*** PROVIDED RECORDS Section Begins ***

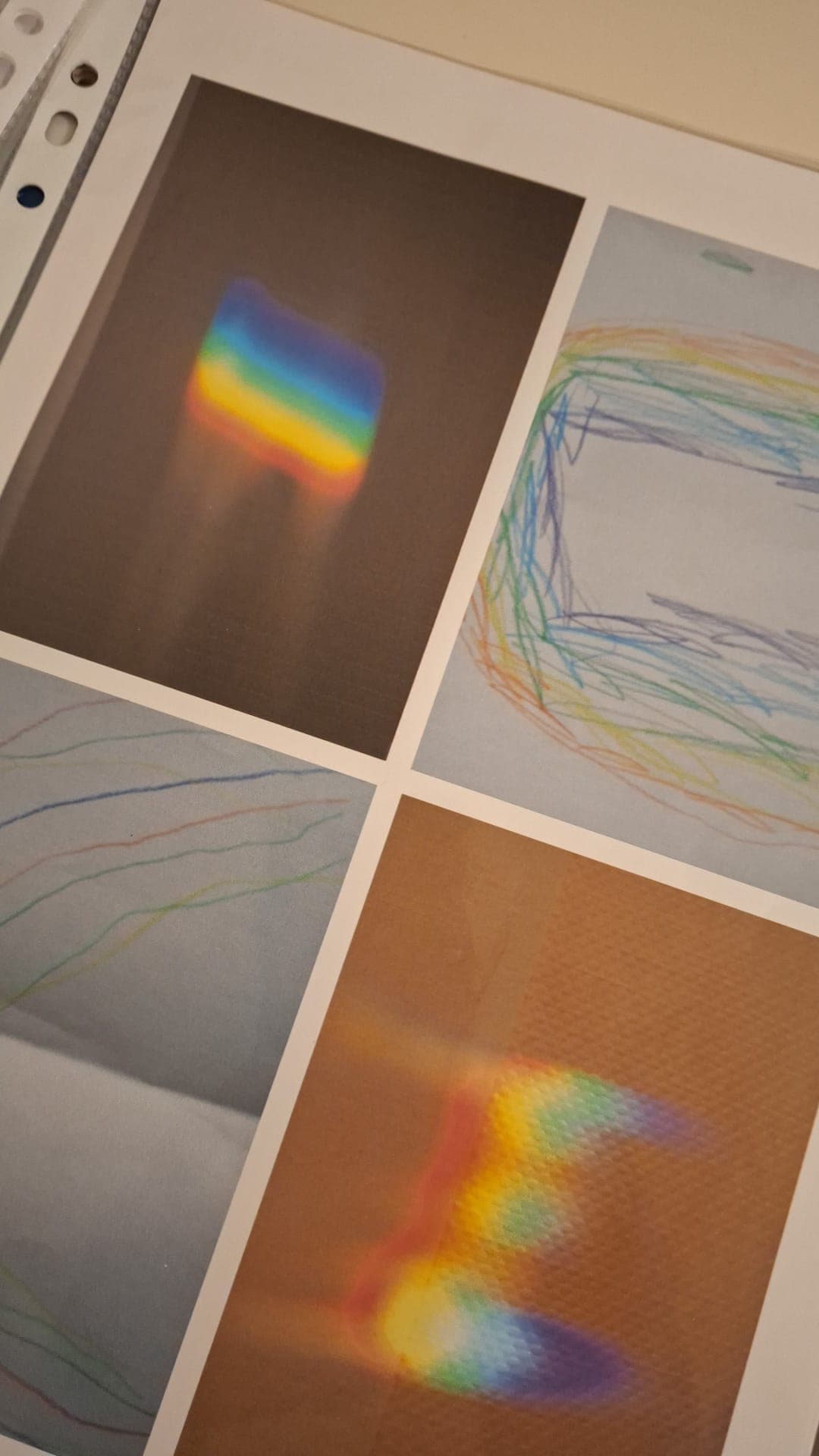 Vier Blätter mit Regenbogenfarben, Fotografien und Kinderzeichnungen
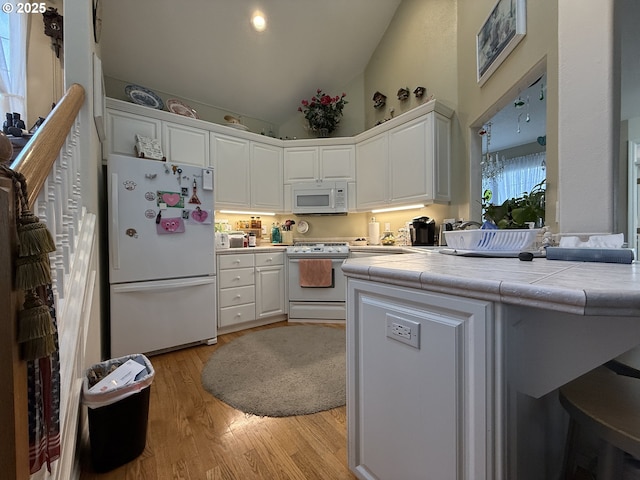 kitchen featuring white appliances, light wood-type flooring, tile counters, and white cabinets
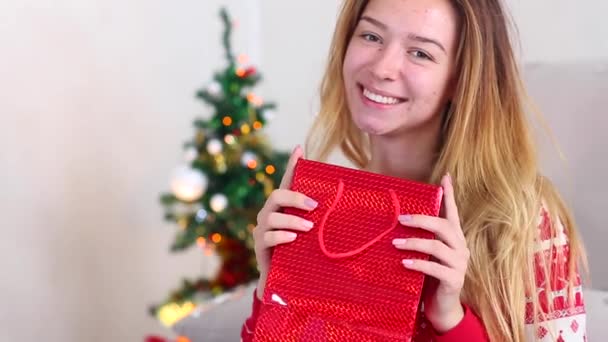 Young Girl Uses Hand Hold Get Gift, Surprise Smile to Camera Christmas Tree on Bokeh Xmas Eve Lights New Year Tree — Stock video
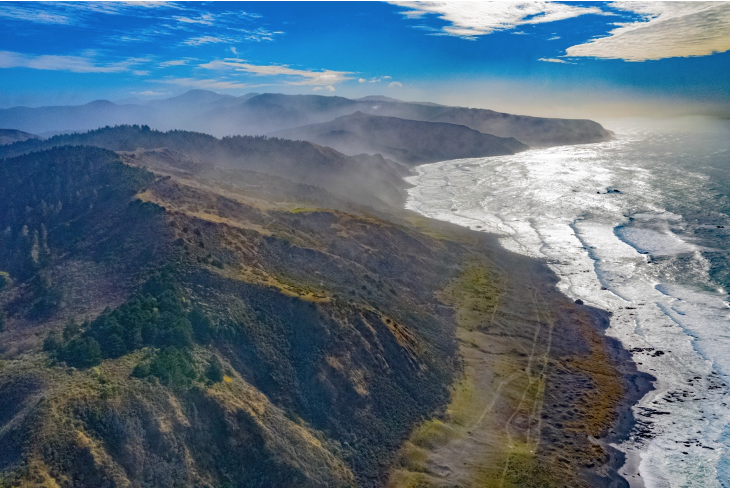 An aerial view of mountains and the Pacific Ocean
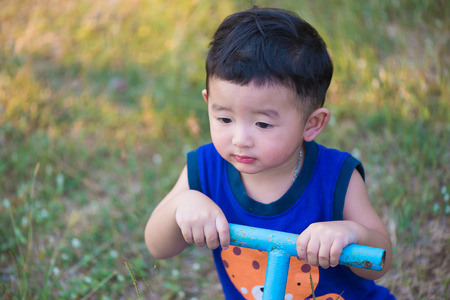 Sad kid play Â teeter-totter  at the playground under sunlight, in kindergarten or preschool. shallow Focusの写真素材
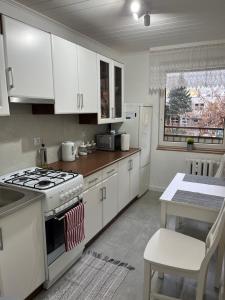 a kitchen with white cabinets and a stove and a table at Apartament Korczaka możliwość wystawiania Faktur, WI-FI in Suwałki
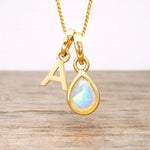 Gold necklace with a teardrop-shaped pendant and letter 'A' charm on a wooden surface.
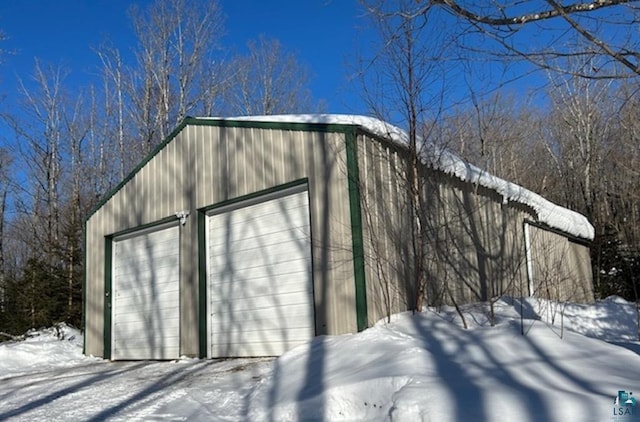 snow covered structure with a garage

*** PROVIDED RECORDS Section Ends ***

◆ WORK ORDER
What is needed is every record above, returned exactly, with the pictures omitted.

◆ RESULT FOR THIS TASK
 Vier Blätter mit Regenbogenfarben, Fotografien und Kinderzeichnungen
 kitchen featuring white appliances, light wood-type flooring, tile counters, and white cabinets
 Young Girl Uses Hand Hold Get Gift, Surprise Smile to Camera Christmas Tree on Bokeh Xmas Eve Lights New Year Tree — Stock video
 An aerial view of mountains and the Pacific Ocean
 Sad kid play Â teeter-totter  at the playground under sunlight, in kindergarten or preschool. shallow Focusの写真素材
 a kitchen with white cabinets and a stove and a table at Apartament Korczaka możliwość wystawiania Faktur, WI-FI in Suwałki
 Gold necklace with a teardrop-shaped pendant and letter 'A' charm on a wooden surface.
 snow covered structure with a garage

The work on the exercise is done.